问题是,我无法弄清楚从哪里开始使它带回的结果超过第一页,官方文档甚至不能被描述为“稀疏”。
这是仅返回第1页的代码:
require 'rubygems'
require 'google/api_client'
require 'json'
require 'pp'
puts "What organisation's employees shall we get today?"
organisation = gets.chomp
puts "Harvesting Google Search Results - This may take some time"
apikey = "1234"
cxid = "5678"
client = Google::APIClient.new(:key => apikey, :authorization => nil, :application_name => "linkedout", :application_version => "beta_0.5")
search = client.discovered_api('customsearch')

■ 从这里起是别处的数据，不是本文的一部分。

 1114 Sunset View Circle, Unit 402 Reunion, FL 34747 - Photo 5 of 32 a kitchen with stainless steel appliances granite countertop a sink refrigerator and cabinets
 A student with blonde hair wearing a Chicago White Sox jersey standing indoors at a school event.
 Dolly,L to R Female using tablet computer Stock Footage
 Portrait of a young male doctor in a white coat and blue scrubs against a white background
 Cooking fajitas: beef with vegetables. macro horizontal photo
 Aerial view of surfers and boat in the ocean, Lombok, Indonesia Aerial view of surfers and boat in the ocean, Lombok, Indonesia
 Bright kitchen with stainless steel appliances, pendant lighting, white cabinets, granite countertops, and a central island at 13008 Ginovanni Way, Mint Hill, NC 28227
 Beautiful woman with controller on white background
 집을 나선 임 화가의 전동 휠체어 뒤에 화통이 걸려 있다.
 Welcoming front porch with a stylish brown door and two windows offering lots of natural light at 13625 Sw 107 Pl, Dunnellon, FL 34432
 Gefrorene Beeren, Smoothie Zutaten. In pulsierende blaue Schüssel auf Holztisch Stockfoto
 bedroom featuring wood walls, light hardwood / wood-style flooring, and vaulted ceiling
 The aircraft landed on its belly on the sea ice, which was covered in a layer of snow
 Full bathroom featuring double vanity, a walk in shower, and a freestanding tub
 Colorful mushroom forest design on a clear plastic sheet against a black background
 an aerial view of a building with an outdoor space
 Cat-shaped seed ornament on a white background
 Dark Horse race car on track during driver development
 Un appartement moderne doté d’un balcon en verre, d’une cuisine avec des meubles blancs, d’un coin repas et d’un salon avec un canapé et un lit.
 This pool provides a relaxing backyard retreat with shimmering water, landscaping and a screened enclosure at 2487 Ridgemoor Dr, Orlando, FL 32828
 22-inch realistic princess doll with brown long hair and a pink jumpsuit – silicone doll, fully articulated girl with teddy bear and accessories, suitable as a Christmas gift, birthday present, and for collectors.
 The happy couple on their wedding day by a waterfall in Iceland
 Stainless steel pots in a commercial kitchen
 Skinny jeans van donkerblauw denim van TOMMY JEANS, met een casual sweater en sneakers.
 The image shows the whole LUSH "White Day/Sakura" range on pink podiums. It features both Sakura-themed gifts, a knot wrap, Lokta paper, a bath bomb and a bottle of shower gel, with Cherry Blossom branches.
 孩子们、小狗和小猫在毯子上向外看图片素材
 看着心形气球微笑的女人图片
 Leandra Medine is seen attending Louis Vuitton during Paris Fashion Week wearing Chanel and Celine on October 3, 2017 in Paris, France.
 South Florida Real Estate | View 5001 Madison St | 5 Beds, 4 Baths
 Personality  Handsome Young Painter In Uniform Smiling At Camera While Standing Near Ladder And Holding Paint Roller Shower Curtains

response = client.execute(
:api_method => search.cse.list,
:parameters => {
'q' => 'current ' + organisation + ' site:linkedin.com',
'maxResults' => 100,
'key' => apikey,
'cx' => cxid
}
)
status, headers, body = response
jsonresponse = response.body
employees = []
@tags = JSON.parse(jsonresponse)['items']
@tags.each do |tag|
x = tag['title']
x.gsub!(/ \| LinkedIn/, "")
x.downcase!
x.gsub!(/ profiles/, "")
employees << x
end
employees = employees.uniq
puts employees
非常感谢任何帮助 - 我还在学习这些东西。
编辑:
以下是JSON google API返回的片段:
"items": [
{
"kind": "customsearch#result",
"title": "Tina Minor - Recruiter, The Walt Disney Company | LinkedIn",
"htmlTitle": "Tina Minor - Recruiter, The \u003cb\u003eWalt Disney\u003c/b\u003e Company | LinkedIn",
"link": "https://www.linkedin.com/pub/tina-minor-recruiter-the-walt-disney- company/5/849/5a6",
"displayLink": "www.linkedin.com",
"snippet": "View Tina Minor - Recruiter, The Walt Disney Company's professional profile on \n... Current. The Walt Disney Company. Previous. True Religion Brand Jeans, ...",
"htmlSnippet": "View Tina Minor - Recruiter, The \u003cb\u003eWalt Disney\u003c/b\u003e Company's professional profile on \u003cbr\u003e\n... \u003cb\u003eCurrent\u003c/b\u003e. The \u003cb\u003eWalt Disney\u003c/b\u003e Company. Previous. True Religion Brand Jeans, ...",
"formattedUrl": "https://www.linkedin.com/pub/tina-minor-recruiter-the- walt- disney.../5a6",
"htmlFormattedUrl": "https://www.linkedin.com/pub/tina-minor-recruiter- the- \u003cb\u003ewalt\u003c/b\u003e- \u003cb\u003edisney\u003c/b\u003e.../5a6",
"pagemap": {
"cse_image": [
{
"src": "https://media.licdn.com/mpr/mpr/shrink_200_200/p/8/005/09b/3f2/1eb6f83.jpg"
}
],
"person": [
{
"location": "Greater Los Angeles Area",
"role": "Recruiter, Talent Acquisition at The Walt Disney Company"
}
],
"cse_thumbnail": [
{
"width": "160",
"height": "160",
"src": "https://encrypted-tbn1.gstatic.com/images? q=tbn:ANd9GcTbmlbDVBOMKTtOA_D88aFaPuZ9MjABABwumzBPk0F2x2P2-0puaIRlktce"
}
],
"metatags": [
{
"globaltrackingurl": "//www.linkedin.com/mob/tracking",
"globaltrackingappname": "profile",
"globaltrackingappid": "webTracking",
"lnkd-track-json-lib": "https://static.licdn.com/scds/concat/common/js? h=2jds9coeh4w78ed9wblscv68v-ebbt2vixcc5qz0otts5io08xv&fc=2",
"treeid": "SnQhTqcr1RNgnKS8RSsAAA==",
"appname": "profile",
"pageimpressionid": "29ca4803-0233-4934-955a-1959a37dfbbf",
"pagekey": "nprofile_v2_public_fs",
"analyticsurl": "/analytics/noauthtracker",
"msapplication-tileimage": "https://static.licdn.com/scds/common/u/images/logos/linkedin/logo-in-win8-tile- 144_v1.png",
"msapplication-tilecolor": "#0077B5",
"application-name": "LinkedIn",
"remote-nav-init-marker": "true"
}
],
"hcard": [
{
"fn": "Tina Minor - Recruiter, The Walt Disney Company",
"title": "Recruiter, Talent Acquisition at The Walt Disney Company"
}
]
}
}
...
答案 0 :(得分:0)
根据Search request metadata,如果有其他结果,则应在项目旁边返回nextPage
值。但是它总是说Note: This API returns up to the first 100 results only.
所以看起来你已经获得了最大数量的结果。